**Task brief:**
Write the data out again exactly, dropping any images it holds.

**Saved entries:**
########################################

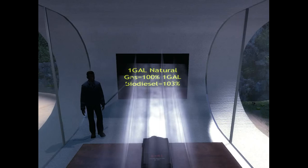Biodiesel is also more efficient than natural gas. Using a fuel comparison chart, one gallon of natural gas is 100 percent as efficient as one gallon of gasoline. However, one gallon of biodiesel is 103 percent more efficient than gasoline, so this means that biodiesel is more efficient than natural gas.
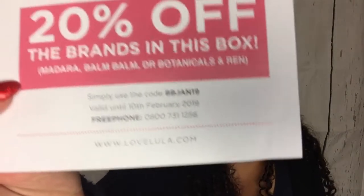So here we are, we have four items. They do say on here it's worth 54 pounds the whole lot. One thing you get with them is 20% off the brands in this box — I'm using the code BBjan19, valid until the 10th of February 2019. I'm guessing that's at the website, so go ahead and use that if you want.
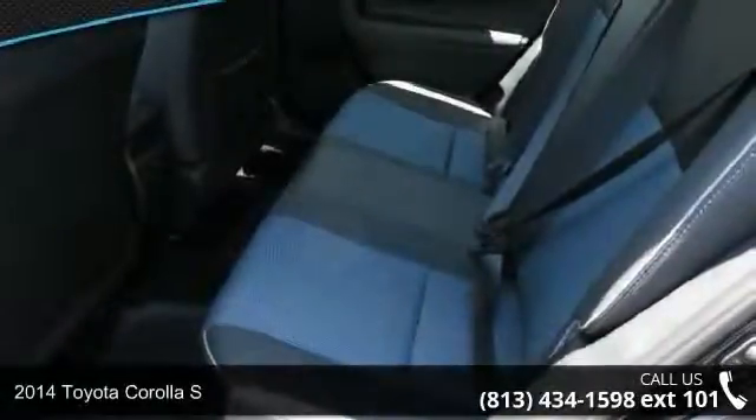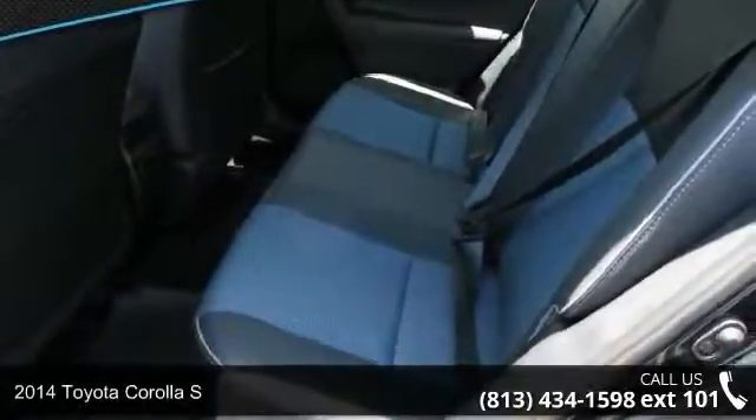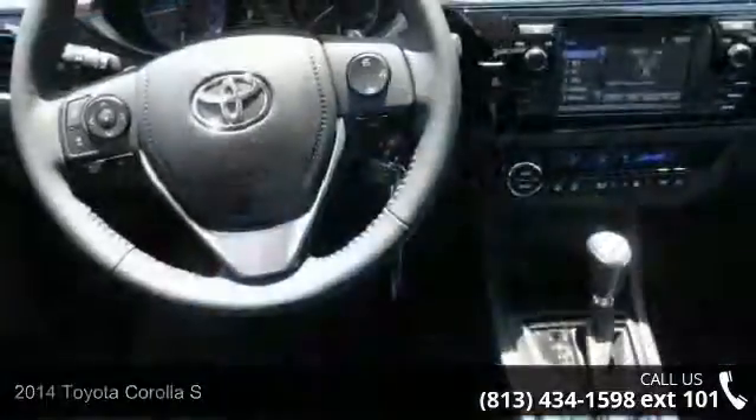Presenting the 2014 Toyota Corolla S. If you are looking for a first-rate auto, this one could be yours today.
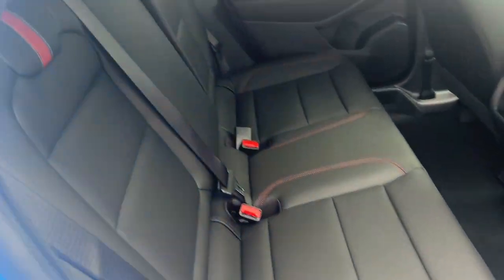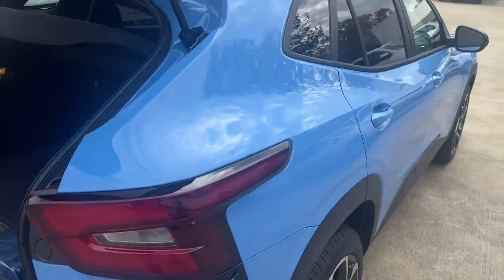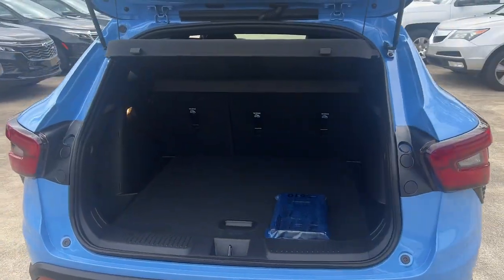Heated mirrors, backup camera, adaptive cruise control, sunroof. Feel light and nimble in the city's savvy Trax. Come in for a test drive today.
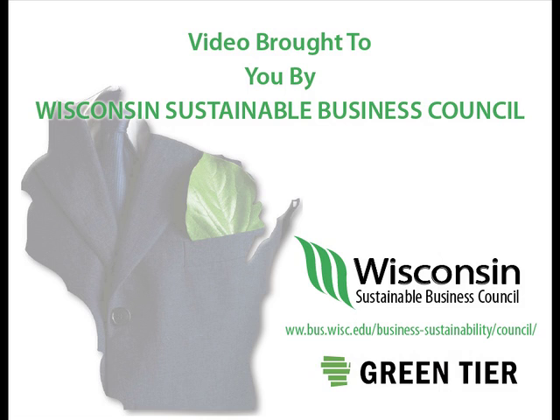Brought to you by Wisconsin Sustainable Business Council, in conjunction with Greenteer and Webcrafters.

########################################

**Written response:**
Biodiesel is also more efficient than natural gas. Using a fuel comparison chart, one gallon of natural gas is 100 percent as efficient as one gallon of gasoline. However, one gallon of biodiesel is 103 percent more efficient than gasoline, so this means that biodiesel is more efficient than natural gas.
So here we are, we have four items. They do say on here it's worth 54 pounds the whole lot. One thing you get with them is 20% off the brands in this box — I'm using the code BBjan19, valid until the 10th of February 2019. I'm guessing that's at the website, so go ahead and use that if you want.
Presenting the 2014 Toyota Corolla S. If you are looking for a first-rate auto, this one could be yours today.
Heated mirrors, backup camera, adaptive cruise control, sunroof. Feel light and nimble in the city's savvy Trax. Come in for a test drive today.
Brought to you by Wisconsin Sustainable Business Council, in conjunction with Greenteer and Webcrafters.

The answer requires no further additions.